Handling Incompatible Schema Changes
Sometimes the change you need to make breaks compatibility. You can’t add a default. The field type genuinely needs to change. You can’t keep the old schema. Here’s what you do instead.
The New Topic Strategy#
The cleanest approach: create a new topic with the new schema. Producers write to both old and new topics in parallel. Consumers migrate to the new topic one by one. When all consumers are on the new topic, stop writing to the old one. After retention expires, the old topic goes away.

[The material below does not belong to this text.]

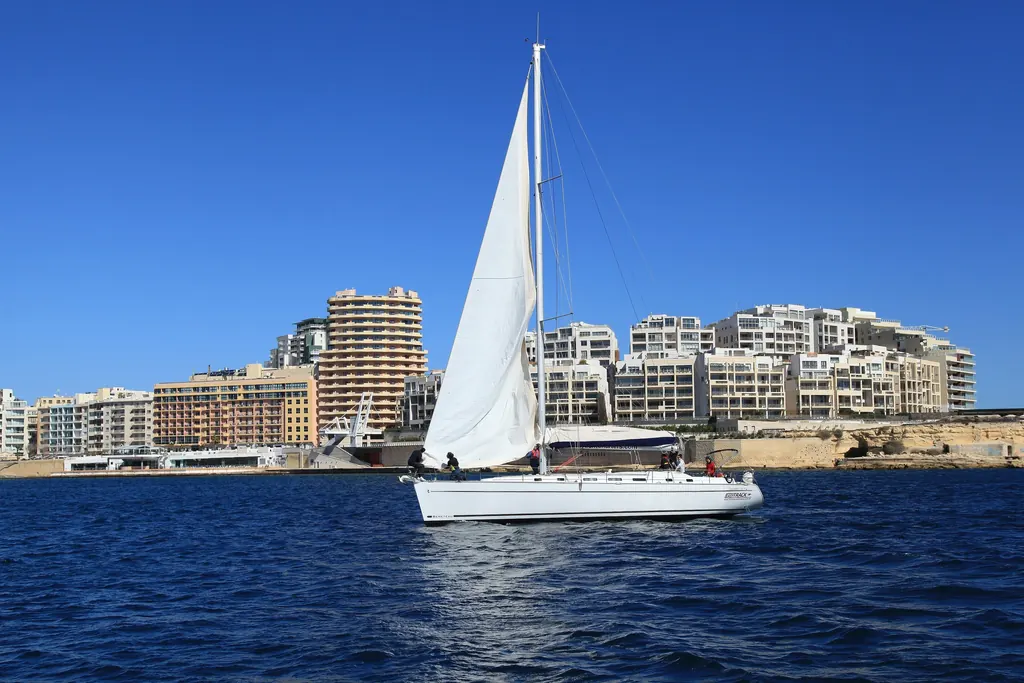 A yacht sailing past the Tigné Point seafront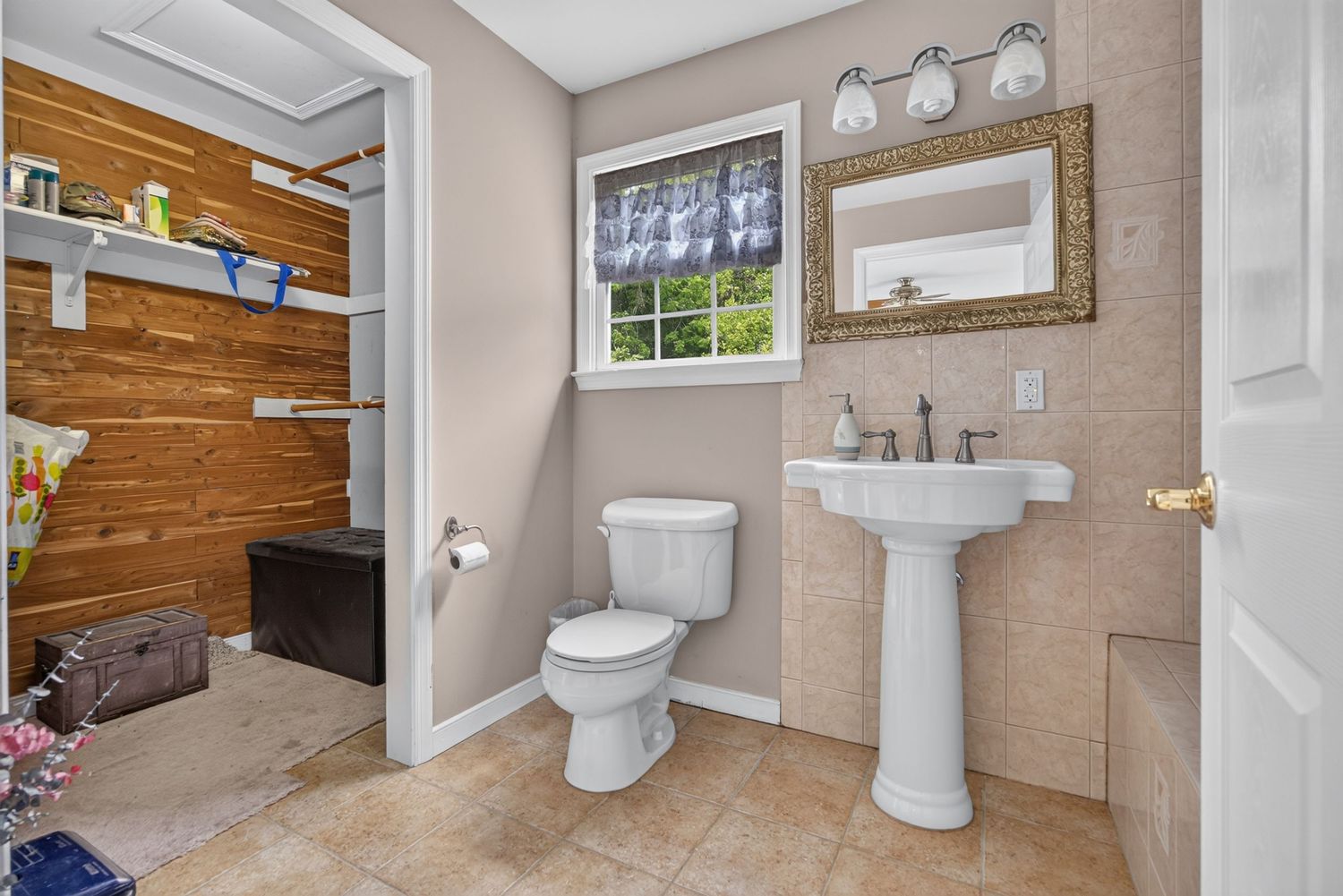 Bright bathroom with pedestal sink, toilet, framed mirror, and wood-paneled walk-in closet on tile flooring.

More work than a simple schema change, but safe. Old consumers never see a message they can’t deserialize. New consumers are isolated from the old format. Both topics run in parallel until migration completes.
A Transformer Service#
If creating a new topic isn’t practical, a transformer service reads from the old topic, converts the message format, and writes to the new topic. Consumers only deal with the new format. The risk: the transformer is a new service to operate, and it can fall behind if the old topic has high throughput. You’re trading coordination complexity for operational complexity.
Versioned Field Names#
A lower-tech option: keep the old field and add a new one alongside it. user_id stays. user_uuid is added. Consumers migrate from reading user_id to user_uuid at their own pace. Once all consumers have migrated, deprecate user_id (keep it in the schema for a while but stop populating it). Eventually remove it.

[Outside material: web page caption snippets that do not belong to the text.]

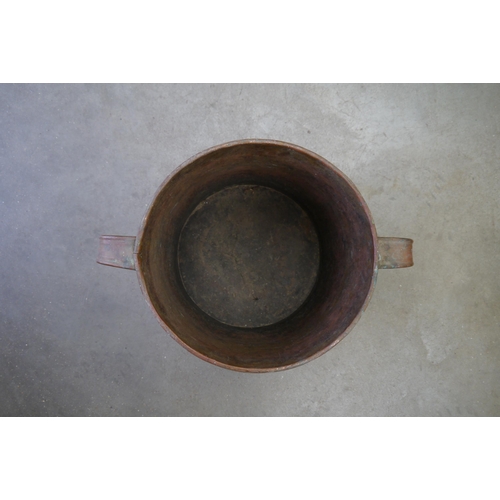 2004 - A twin handled copper bucket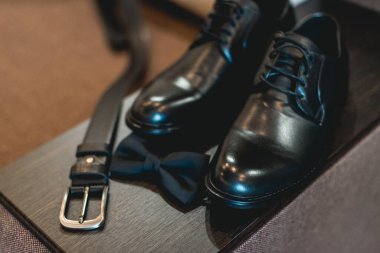 Modern erkek aksesuarlarını kapatın. Siyah papyon, deri ayakkabılar ve tahta bir masada kemer.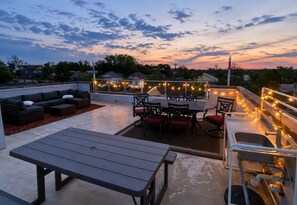 A rooftop patio with outdoor seating, a dining area, and string lights. - Skyline Views | Rooftop Deck | Minutes to Downtown (San Antonio)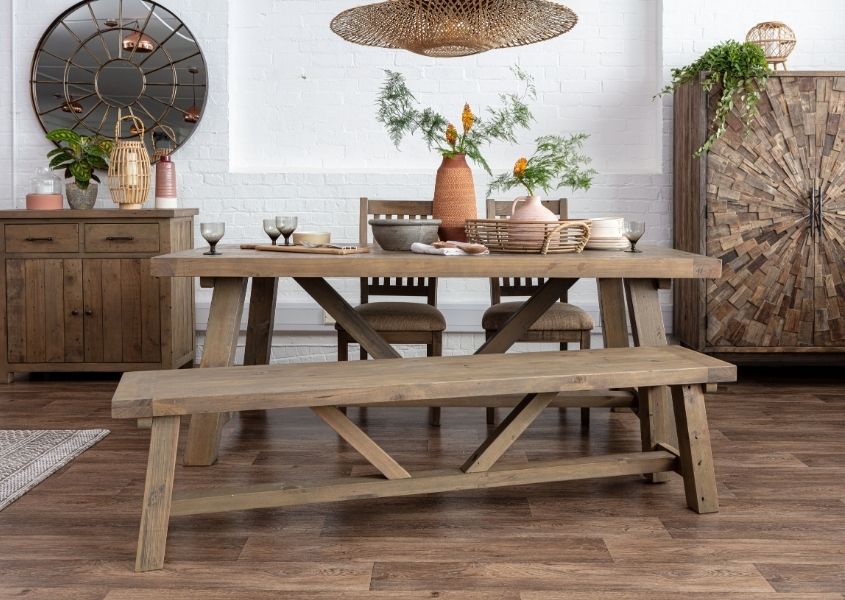 Reclaimed wood dining table decorate with terracotta vase and wooden sideboards in background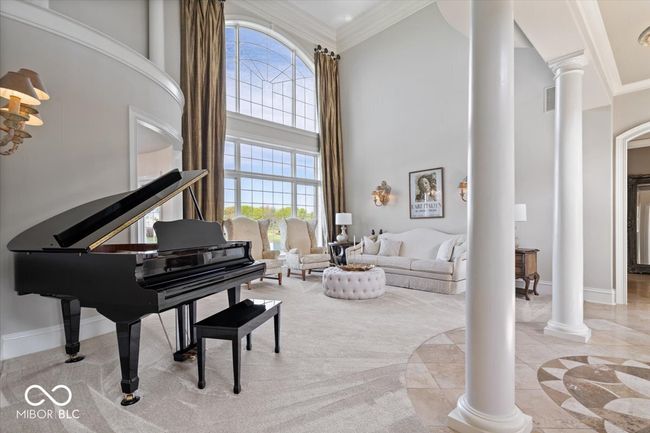 2-story living room flooded with natural light by floor-to-ceiling windows. | Image 11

This bloats the schema over time but avoids multi-team coordination pressure.
At Salesforce#
We needed to change a field type in a platform event from a stringified integer to an actual integer. Not compatible. We created a new topic and ran both in parallel. The migration took eight weeks because one consumer team had a quarterly release cycle. Operating both topics wasn’t terrible, but the coordination effort was. After that experience, we documented every Kafka topic with a deprecation date from day one, so teams know upfront how long old topics will be supported.
What I’m Learning#
The hardest part of an incompatible schema change isn’t the technical migration. It’s finding every consumer, getting them to prioritize the work, and confirming they’re done before you shut down the old topic. Tooling that shows which consumer groups are still active on a topic makes the last step much easier.
Have you managed an incompatible Kafka schema change, and how long did the migration take end to end?